Authorities in Dallas, New York City and other cities have begun taking steps to oust Occupier movements from their camps. Members vow to continue on, but commentator Lee Cullum thinks they should do so in a different direction.

Richard Fisher, head of the Federal Reserve Bank of Dallas, is fond of quoting the Biblical admonition: "Come, be serious and discipline yourselves." He could be speaking directly to Occupy Dallas and similar groups across the country whose members are fast throwing away a chance to do something significant for themselves and the nation.

At first Fisher was sympathetic to the protestors.
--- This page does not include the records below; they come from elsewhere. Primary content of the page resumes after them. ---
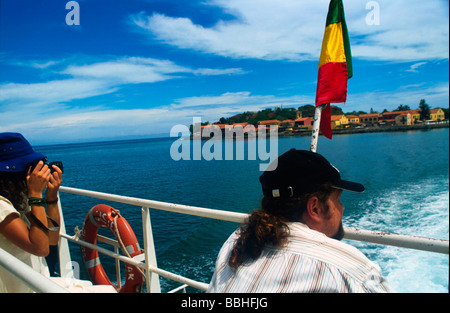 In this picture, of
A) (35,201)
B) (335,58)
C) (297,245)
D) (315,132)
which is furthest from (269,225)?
(335,58)

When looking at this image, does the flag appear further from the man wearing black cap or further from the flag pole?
the man wearing black cap

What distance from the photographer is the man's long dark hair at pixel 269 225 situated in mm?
873

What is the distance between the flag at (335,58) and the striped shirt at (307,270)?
184cm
So was I. But closing the port in Oakland or crushing plants at Bank of America in Dallas look more like the bra-burners of the 1970s than the shrewd, winning campaign, grounded in political economy, handled by the likes of Gloria Steinem. The acting-outers are by no means the whole of the movement, but they must be moved to the side and made to occupy themselves in ways less destructive.

The truth is that the 99 percent slogan is brilliant and the ideas behind it in many cases are sound. Some are bad, of course, such as the wish to end the Federal Reserve. That would put interest rates in the hands of Congress, an appalling prospect. But there have been thoughts well worth debating, such as one from L.A. to end the fighting in Afghanistan and press for that war budget to be spent on jobs.

Students in the movement who called for forgiveness of college loans had a point, and they got some help from President Obama who proposed easier terms for payment.

Restructuring home mortgages would be not only a responsible demand, but also absolutely essential to our national recovery according to Robert Dye, chief economist at Comerica Bank.

Excessive compensation also is a legitimate issue, from the basketball court to the corporate boardroom where the current distortion in what's paid top executives no longer can be ignored any more than painfully impossible union contracts can.

What's needed now is for the 99 percent to shape up and concentrate on a few realistic goals. Otherwise they will throw energy that might have moved mountains, as one writer put it, into a futile flailing about as happened during the anti-globalization flurry of the 1990s. Then camp followers demonstrated from Cancun to Seattle, with no hope of accomplishment. They were fighting a wave that could not be reversed. That is not the case today. Like the civil rights movement of the 1960s and the serious side of the women's movement in the 70s, the occupiers have an important and achievable case to make. But the 99 percenters must control those who would wreck their enterprise and aim directly at what they want or, as Virginia Woolf wrote, they "will fall like snow and be wasted." That would be unfortunate for us all.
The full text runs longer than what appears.